- Opening Delimiter -

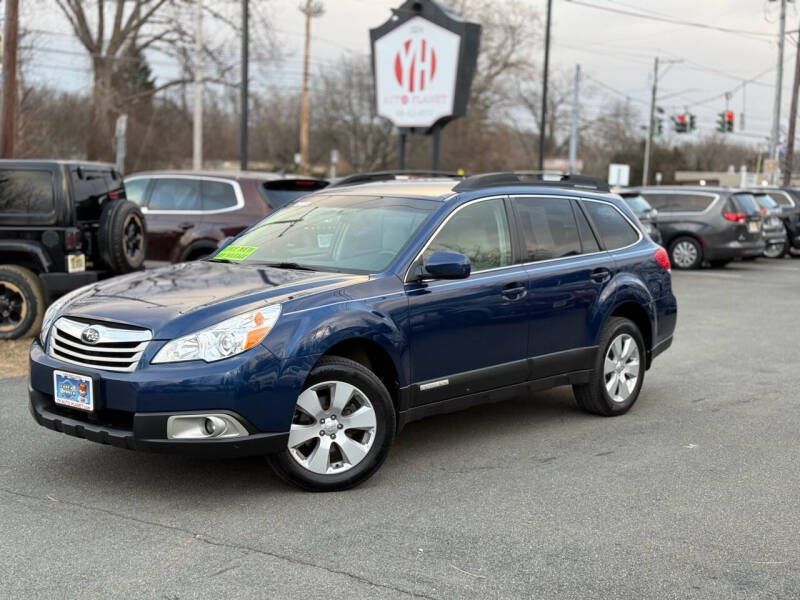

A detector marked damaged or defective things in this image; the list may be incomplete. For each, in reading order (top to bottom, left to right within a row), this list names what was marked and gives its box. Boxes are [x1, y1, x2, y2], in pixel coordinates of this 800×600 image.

pavement crack [0, 488, 438, 600]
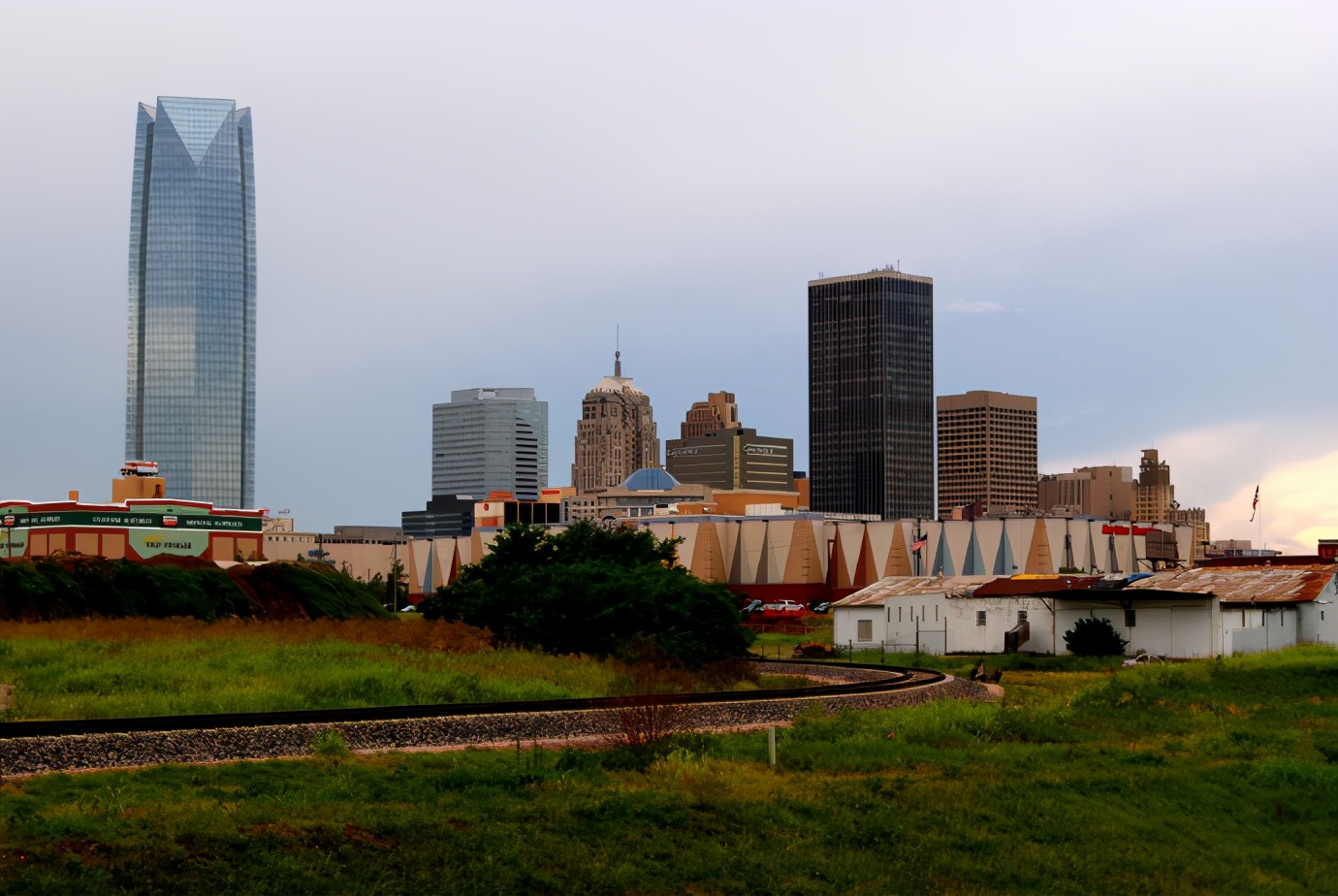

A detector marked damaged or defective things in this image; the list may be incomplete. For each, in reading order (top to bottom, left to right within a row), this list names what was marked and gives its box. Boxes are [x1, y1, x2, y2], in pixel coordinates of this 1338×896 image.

rusty metal roof [830, 574, 993, 609]
rusty metal roof [1117, 562, 1334, 605]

- Closing Delimiter -

## Required action
Retype, exactly as written, each line from the one containing "this 1338×896 image." through the last line of the listing above, and leave out all other lines.

## Solution to the problem
A detector marked damaged or defective things in this image; the list may be incomplete. For each, in reading order (top to bottom, left to right within a row), this list names what was marked and gives its box. Boxes are [x1, y1, x2, y2], in pixel coordinates of this 1338×896 image.

rusty metal roof [830, 574, 993, 609]
rusty metal roof [1117, 562, 1334, 605]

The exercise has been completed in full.